Thanks to Dr Gummer for sharing her top tips to promote an active imagination:
- Not always giving children the answers to everything they ask, instead, it is beneficial for children to try and think about their own answers, so parents should feel free to enable this to happen.
- Spark a child’s imagination with joint story time – the parent can start a story then it’s up to the child to continue it.
- Using imaginative language. Phrases such as ‘I wonder what’ or ‘imagine if’ can help children think more imaginatively and incorporate hypothetical or fantasy ideas into their everyday lives, helping them to imagine what it might feel like to be in a certain situation and empathise.
This is her top 5 Imagination Tools:
- Augmented reality and interactive apps provide an exciting avenue for new depths of discovery during family playtime. They can excite a child’s imagination and help them to interact with ideas that they simply would not have thought about.

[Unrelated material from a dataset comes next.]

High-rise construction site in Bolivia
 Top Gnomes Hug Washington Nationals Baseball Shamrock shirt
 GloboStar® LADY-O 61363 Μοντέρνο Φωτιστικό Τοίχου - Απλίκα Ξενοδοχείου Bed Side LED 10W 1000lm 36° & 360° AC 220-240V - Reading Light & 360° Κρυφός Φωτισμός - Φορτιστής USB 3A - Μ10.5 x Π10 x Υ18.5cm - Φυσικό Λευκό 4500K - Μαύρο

- The use of imagery or photos can help children to understand events that they have never experienced – e.g. imagining travelling to the moon via a photograph of an astronaut.
- Pretend play can help children gain perspective- giving them an understanding of how to react.
- Model play – parents can demonstrate what to do in a certain situation as this promotes creativity – acting out situations or scenarios can help them gain a clear understanding of how this might apply in real life.
- Establishing a secure and safe environment where the child can freely express themselves, sharing made up songs or performing poems will enable them to learn through self-discovery, safe in the knowledge that their parents are interested and supportive.
The Maynards Discovery Patch research reinforces parents’ belief that their role undoubtedly plays a vital part in their families lives. Their role as a facilitator allows them to provide their children with confidence and equip them with the ability to use their imagination, deal with unexpected events, discover new information and generate new ideas.
As for story-telling, remember these four points. In a story, there is always a hero/good guy and there will be always a monster/bad guy. Then set yourself a place and time. Use a story stick to pass the baton on the person who is telling the story.
We were also shown their new app called Maynards Discovery Patch. I had a bit of trouble downloading it as it won’t search in my App store. It took a long time to search and took several times going in and out of the App store.
- Open then click ‘Discover’.
- Grab a pack of Maynards Discovery Patch Animals, Body Bits and Myths & Monsters by scanning the front of pack to enter a world of augmented reality.
- Each variant unlocks two shapes to explore and discover.
- Select a silhouette and begin discovering within the environment around you.
- The shape is split into five pieces with hints to their locations are in the bottom right of the screen.
- When you find a piece, click on it to learn a fun fact. If you don’t know it, shake your phone to continue. If you think you know it, press ‘I know it’.
- Guess what you think it is based on the facts given. If you’re wrong, try again. If you’re correct, you get to review all the full fun facts in one place.
- There will also be an animation, with sounds, of the full shape so you can see what you have been exploring and discovering.
- The app also allows the user to explore nutritional information and learn about the other variants available to buy
I do find the app is nice to explore and play but it is quite troublesome to scan the packet over and over again when you finish finding the object.
Overall this was a great event and I hope you found Dr Gummer’s tips useful to get you to develop your children’s imagination.
Disclosure: I have received a goody bag, however, all thoughts and opinions remain our own, and am not paid to write this article. Image used with permission.